Nicholas walked home from work with Judy and heard everything that had happened.

“One week,” he said. “Well, there’s nothing for it but Mother will have to come here in the flesh and take Miss Former back with her. I shan’t sleep in the outhouse to-night, I’m going to rove, and most of my roving will be under your window. You’ve got your whistle?”

Judy produced the whistle which was hanging round her neck.

“After last night I won’t be parted from it night or day.”

“And after last night you’ll sleep with your door locked. Is it a reasonably good lock?”

Judy had been prepared for the question, but she hated lying to him.

“Perfectly all right.”

“I’m going to see Doctor Mead again to-night in case Mr. Joseph Bloomfield has come back to him. Would you like to come to London with me on Saturday afternoon? Have you anywhere you could stay?”

“I’ve got a cousin who lives in an hotel in Kensington. I could wire her to get me a room. What are we going up for?”

“I’ve been on to a friend who’s a big bug in London’s Civil Defence Service, and asked him to see what he can do to dig out the incident officer and anybody else who dealt with the incident on the Roals’ chemist shop.

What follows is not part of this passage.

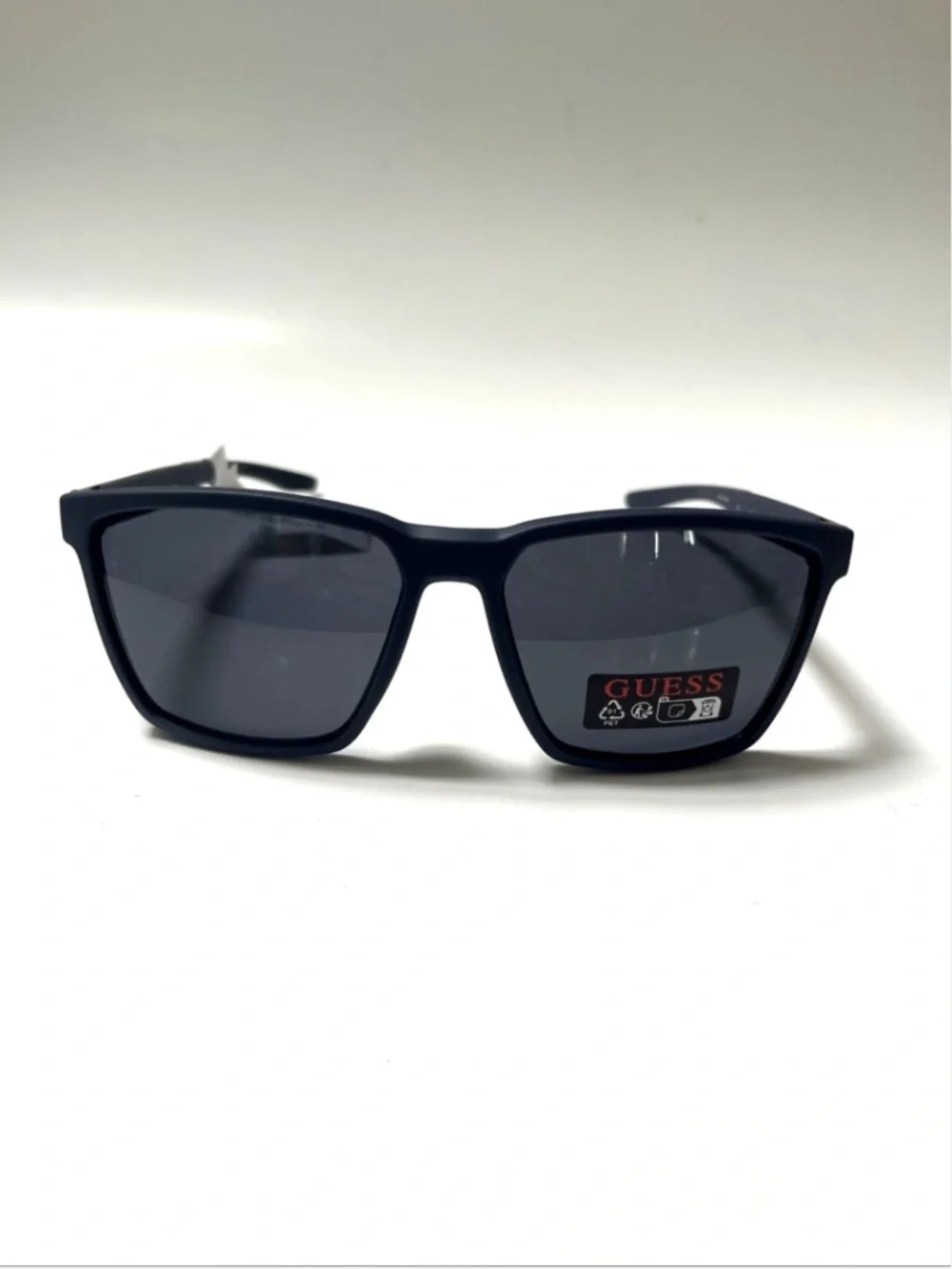 NWT GUESS Square Sunglasses GO00115  Classic Matte Navy Blue Silver Logo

He says he’ll do what he can and he’ll have them on call on Sunday morning.”

They were nearly as far as the Old House private road. Judy loitered.

“I should adore it, but I don’t awfully like leaving Miss Rose alone for the night.”

“I don’t honestly think you need worry about her, except from a loneliness point of view. I’ve been backwards and forwards and sideways over the situation and I simply cannot see what Clara would have to gain by getting rid of her.”

“She’d nothing to gain, if it came to that, in getting rid of Mrs. Former or of Mr. Jones.”

Nicholas opened the gate for Judy.

“Do you suppose anyone would murder somebody to save themselves trouble? I mean, there was point in Mr. Former dying, with Mrs. Former dying and Mr. Jones there’s trouble saved, and as far as board and lodging are concerned she’s not a penny the worse.”

“As long as Miss Rose keeps on Old House, you mean?”

“That’s it.” He patted Judy’s shoulder. “Pop along to supper, sweet. Don’t worry if you don’t hear me, the moment it’s dusk the little sleuth will be under the window.”

Judy was still thinking of what he had said about Miss Rose.

“What are you going to do about your mother?”

“Phone her to-night. I’ll get a room for her at The Bull.”

Judy walked thoughtfully through the gate.

“If you were by any chance right, the less anyone knew about Miss Rose going away the better, don’t you think?”

“Infinitely better. I shouldn’t wonder if we nipped her off at a second’s notice without her luggage.”

Judy was feeling low-spirited, but she did not want Nicholas to know it. She waved good-bye and gave him a particularly radiant smile.

“You really are marvellous. I don’t know what we poor girls would do if there weren’t you men with your wonderful brains to look after us.”